# Data to examine
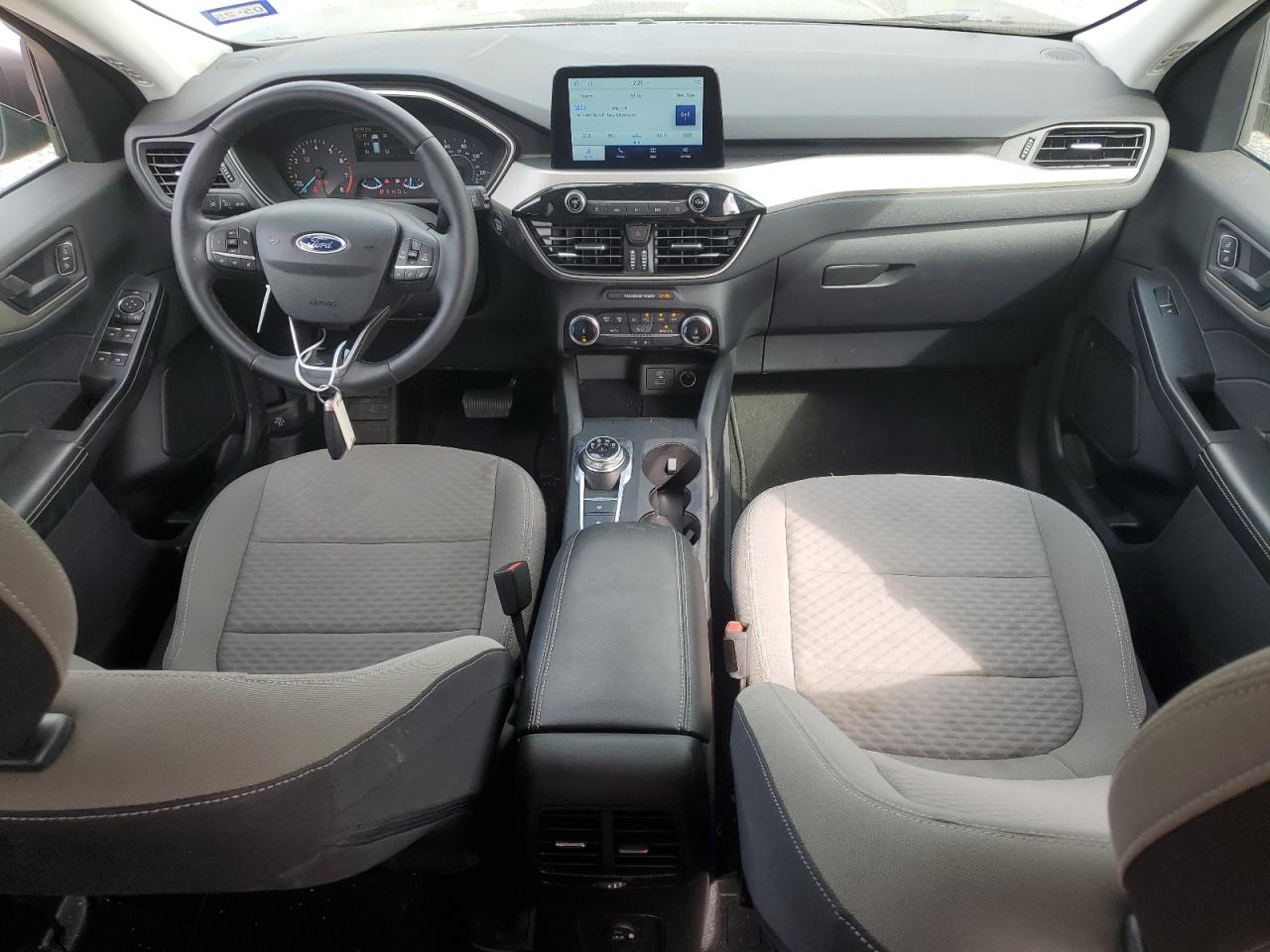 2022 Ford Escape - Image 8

...

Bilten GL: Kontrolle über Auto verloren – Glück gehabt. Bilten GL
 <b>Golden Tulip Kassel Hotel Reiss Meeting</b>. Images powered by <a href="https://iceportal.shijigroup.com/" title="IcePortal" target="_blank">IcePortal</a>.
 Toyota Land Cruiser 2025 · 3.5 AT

--

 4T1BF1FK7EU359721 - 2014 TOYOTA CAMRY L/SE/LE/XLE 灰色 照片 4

# Try it
In the listing above, find the line with "<b>Golden Tulip Kassel" and the line with "Toyota Land Cruiser 2025 · 3.5 AT"; set down exactly those two lines and every line between them, nothing more.

# Result below
 <b>Golden Tulip Kassel Hotel Reiss Meeting</b>. Images powered by <a href="https://iceportal.shijigroup.com/" title="IcePortal" target="_blank">IcePortal</a>.
 Toyota Land Cruiser 2025 · 3.5 AT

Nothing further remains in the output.